Start the server with:

uvicorn app:app --host 0.0.0.0 --port 8000

And test it:

curl -X POST http://localhost:8000/forecast \
  -H "Content-Type: application/json" \
  -d '{"horizon": 7, "credible_interval": 0.94}'

You should get back something like:

{
  "horizon": 7,
  "credible_interval": 0.94,
  "forecasts": [
    {"day": 365, "mean": 28.31, "lower": 26.12, "upper": 30.48},
    {"day": 366, "mean": 29.42, "lower": 27.25, "upper": 31.63},
    ...
  ]
}

Each forecast point includes the mean prediction and the credible interval bounds. This is one of the advantages of serving a Bayesian model: you don’t just get a point estimate, you get a full uncertainty range that downstream systems can use to make better decisions.

You can also visit http://localhost:8000/docs to see the auto-generated interactive documentation where you can test the endpoint directly from your browser.
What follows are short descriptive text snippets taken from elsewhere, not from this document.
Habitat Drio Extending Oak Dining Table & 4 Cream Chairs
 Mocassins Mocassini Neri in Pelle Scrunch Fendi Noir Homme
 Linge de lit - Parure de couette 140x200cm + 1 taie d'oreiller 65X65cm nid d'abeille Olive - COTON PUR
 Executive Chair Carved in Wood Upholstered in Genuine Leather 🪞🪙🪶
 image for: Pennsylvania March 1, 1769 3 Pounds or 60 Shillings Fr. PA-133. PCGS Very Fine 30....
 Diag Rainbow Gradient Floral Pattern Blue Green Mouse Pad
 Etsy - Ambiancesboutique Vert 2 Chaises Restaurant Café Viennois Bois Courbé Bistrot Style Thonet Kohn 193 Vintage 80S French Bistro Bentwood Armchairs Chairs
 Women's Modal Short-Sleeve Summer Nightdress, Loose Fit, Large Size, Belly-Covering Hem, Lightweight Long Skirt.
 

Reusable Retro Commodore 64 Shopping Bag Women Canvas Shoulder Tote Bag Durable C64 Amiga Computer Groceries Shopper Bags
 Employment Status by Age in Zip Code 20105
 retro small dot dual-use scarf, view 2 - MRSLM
Considerations for production

This setup works well for getting a Bayesian model off your laptop and into a service. But there are a few things worth thinking about before calling it production-ready:

Model updates: Right now, the model artifacts are loaded from disk at startup. If you retrain the model, you need to restart the server. A more robust approach is to load artifacts from an object store (S3, GCS) and implement a reload mechanism, either on a schedule or triggered by a webhook.
Response times: Generating posterior predictive samples is not instant, especially with large traces or long horizons. If latency matters, consider pre-computing predictions for common horizons or caching results.
Concurrency: The predict method does NumPy operations that release the GIL, so async with uvicorn workers handles this reasonably well. For heavier workloads, you might want to offload sampling to a task queue like Celery.
Monitoring: Log prediction latencies and input distributions. Bayesian models can degrade gracefully (wider credible intervals as the model becomes less confident), but you still want to know when that’s happening.

Conclusion

Serving a Bayesian model doesn’t need to be complicated. The core idea is simple: fit the model offline, save the trace, load it at API startup, and use the posterior samples to generate predictions on demand. FastAPI handles the HTTP plumbing, Pydantic validates the inputs, and PyMC gives us the full posterior predictive distribution. The result is an API that returns not just forecasts but honest uncertainty estimates, which is arguably the whole point of going Bayesian in the first place.